Vittoria mentionne un autre lieu emblématique de son arrondissement, le marché Jean-Talon. Elle se rappelle des allers-retours de son père au marché, déjà très populaire à l’époque : « Il y allait tous les dimanches matins. Il revenait toujours avec plein de fruits et légumes. À l’époque, les vendeurs étaient presque tous italiens », se souvient-elle. La communauté italienne a toujours été très présente dans l’arrondissement. Adolescente, Vittoria côtoyait fréquemment la population italienne à la Casa d’Italia, près du métro Jean-Talon : «  Plusieurs fois par an, il y avait des fêtes italiennes. Il y avait tellement de nourriture lors de ces évènements : des antipasti (NDLR : des entrées), des pâtes, des pizzas, des polpettes (NDLR : des boulettes de veau à la sauce tomate), des panettones… Il y avait aussi un orchestre. On dansait et chantait », se remémore-t-elle avec nostalgie.

Les personnages rosepatriens

Vittoria se souvient d’un acteur très important du quartier lorsqu’elle était petite, « Armand la glace ». Ce surnom avait été donné au marchand de glace de Rosemont qui se promenait avec son chariot, tiré par des chevaux et rempli de cubes de glace. Il apportait chaque morceau directement dans le frigo des résidents afin qu’ils puissent garder leurs aliments froids, le congélateur n’existant pas encore à cette époque. 

Illustration du marchand de glace dans le livre Le Montréal de mon enfance d’Antonio de Thomasis (EMM/Sophie Gauthier)

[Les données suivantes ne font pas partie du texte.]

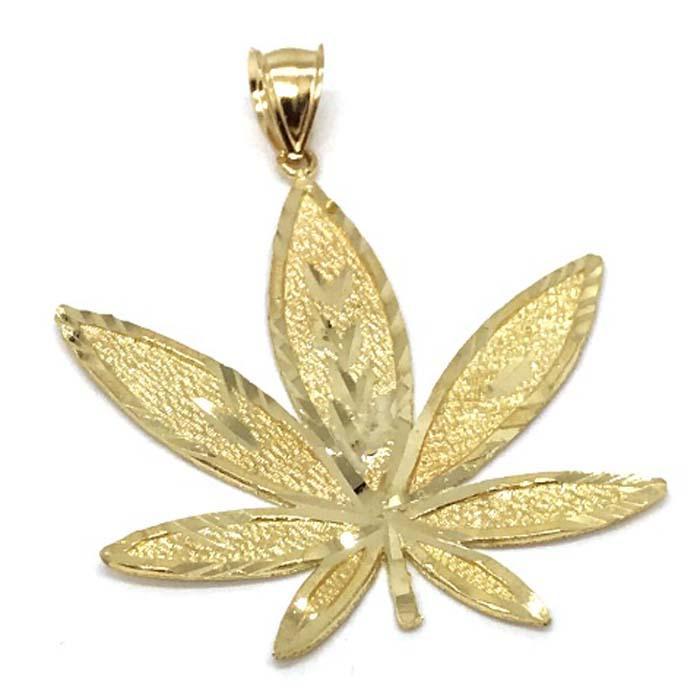 10K Yellow Gold Marijuanna Pendant MWG_018 - WORLDSTARBLING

Vittoria se souvient également d’une autre figure marquante de Rosemont que les Montréalais surnommaient « Le Grand Antonio »,  un ancien lutteur professionnel d’origine yougoslave. Du haut de ses 6’4″ et pesant 495 lbs, le géant arpentait tout Montréal et en particulier Rosemont. Vittoria se souvient que tout le monde le saluait : « Je le saluais aussi, mais il me faisait peur quand j’étais jeune. Il était immense, imposant avec sa grande barbe et ses cheveux très longs. »

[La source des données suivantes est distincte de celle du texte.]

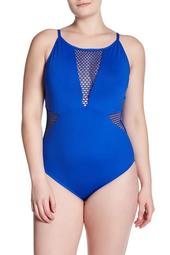 Meshed Up One-Piece Swimsuit (Plus Size)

Ce personnage folklorique du Québec livrait régulièrement des démonstrations de force impressionnantes. Il tirait des automobiles et même des autobus remplis de passagers avec ses cheveux noués en tresses! Il est cité en 1952 dans le Livre Guiness des records pour avoir tiré un train de 433 tonnes sur 19,8 mètres. Peu avant son décès, en 2003, il occupait un petit appartement rue Beaubien, au coin de la 10e avenue, et avait pour habitude de vendre des photographies de ses exploits passés dans les stations de métro avoisinantes. En 2015, un banc à sa mémoire a été dévoilé au parc Beaubien, lieu qu’il affectionnait particulièrement. 

Le Grand Antonio, une légende des rues de Montréal (Courtoisie Pointe-à-Callière, cité d’archéologie et d’histoire de Montréal, collection de cartes postales Christian Paquin)

Des bonbons et des jeux 

Durant son enfance, Vittoria passait son temps à jouer avec les enfants du quartier : « On était tout le temps dehors. Même l’hiver, on patinait. » Ses amis et elle allaient au parc Montcalm : « Il y avait une petite cabane dans laquelle on se rassemblait. Il y avait une monitrice pour les filles et un moniteur pour les garçons. » 

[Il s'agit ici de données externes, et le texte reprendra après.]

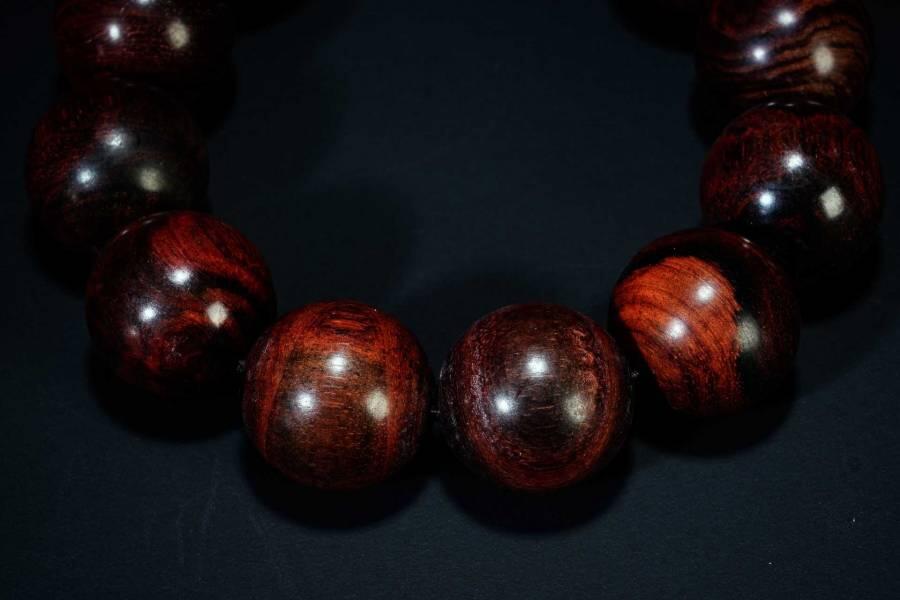 上海都达杂项专场六十八【全场包邮】 海南黄花梨虎皮纹2.0圆珠手串 附鉴定证书95-280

Course, jeu du drapeau, sauts en hauteur, artisanat… L’été, les enfants jouaient du matin au soir. « Je me souviens qu’on retrouvait toujours les garçons en fin de journée dans un grand champ, juste en face du parc. L’équipe des garçons affrontait celle des filles à la balle molle. Même durant l’année, après l’école, on se retrouvait avec les enfants du quartier. On jouait à la cachette puis on rendait au dépanneur pour acheter des sacs de bonbons. Les goûts étaient incroyables, rien à voir avec ceux d’aujourd’hui. Il y avait des lunes de miel et des boules noires qui coloraient notre bouche. Tout était naturel, c’était un autre temps… », conclut Vittoria Bavota, à la fois souriante et nostalgique.